Action item
The response must consist of all the records, retyped exactly.
*** Records to use
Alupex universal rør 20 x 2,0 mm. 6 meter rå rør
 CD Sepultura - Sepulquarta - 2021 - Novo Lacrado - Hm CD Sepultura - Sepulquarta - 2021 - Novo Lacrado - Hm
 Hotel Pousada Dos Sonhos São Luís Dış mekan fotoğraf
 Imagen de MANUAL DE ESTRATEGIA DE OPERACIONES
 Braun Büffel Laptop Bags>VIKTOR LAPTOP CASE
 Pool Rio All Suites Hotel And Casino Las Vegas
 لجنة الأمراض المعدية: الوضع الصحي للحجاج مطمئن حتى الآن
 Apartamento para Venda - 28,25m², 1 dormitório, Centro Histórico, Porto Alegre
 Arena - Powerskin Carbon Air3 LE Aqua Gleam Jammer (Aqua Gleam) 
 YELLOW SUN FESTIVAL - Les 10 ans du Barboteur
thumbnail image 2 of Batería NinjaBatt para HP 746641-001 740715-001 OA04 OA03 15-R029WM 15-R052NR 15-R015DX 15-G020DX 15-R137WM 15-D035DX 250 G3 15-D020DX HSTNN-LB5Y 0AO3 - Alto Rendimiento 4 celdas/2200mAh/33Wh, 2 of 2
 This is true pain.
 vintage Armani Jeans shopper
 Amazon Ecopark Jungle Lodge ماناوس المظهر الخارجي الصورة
******
Output of the task
Alupex universal rør 20 x 2,0 mm. 6 meter rå rør
 CD Sepultura - Sepulquarta - 2021 - Novo Lacrado - Hm CD Sepultura - Sepulquarta - 2021 - Novo Lacrado - Hm
 Hotel Pousada Dos Sonhos São Luís Dış mekan fotoğraf
 Imagen de MANUAL DE ESTRATEGIA DE OPERACIONES
 Braun Büffel Laptop Bags>VIKTOR LAPTOP CASE
 Pool Rio All Suites Hotel And Casino Las Vegas
 لجنة الأمراض المعدية: الوضع الصحي للحجاج مطمئن حتى الآن
 Apartamento para Venda - 28,25m², 1 dormitório, Centro Histórico, Porto Alegre
 Arena - Powerskin Carbon Air3 LE Aqua Gleam Jammer (Aqua Gleam) 
 YELLOW SUN FESTIVAL - Les 10 ans du Barboteur
thumbnail image 2 of Batería NinjaBatt para HP 746641-001 740715-001 OA04 OA03 15-R029WM 15-R052NR 15-R015DX 15-G020DX 15-R137WM 15-D035DX 250 G3 15-D020DX HSTNN-LB5Y 0AO3 - Alto Rendimiento 4 celdas/2200mAh/33Wh, 2 of 2
 This is true pain.
 vintage Armani Jeans shopper
 Amazon Ecopark Jungle Lodge ماناوس المظهر الخارجي الصورة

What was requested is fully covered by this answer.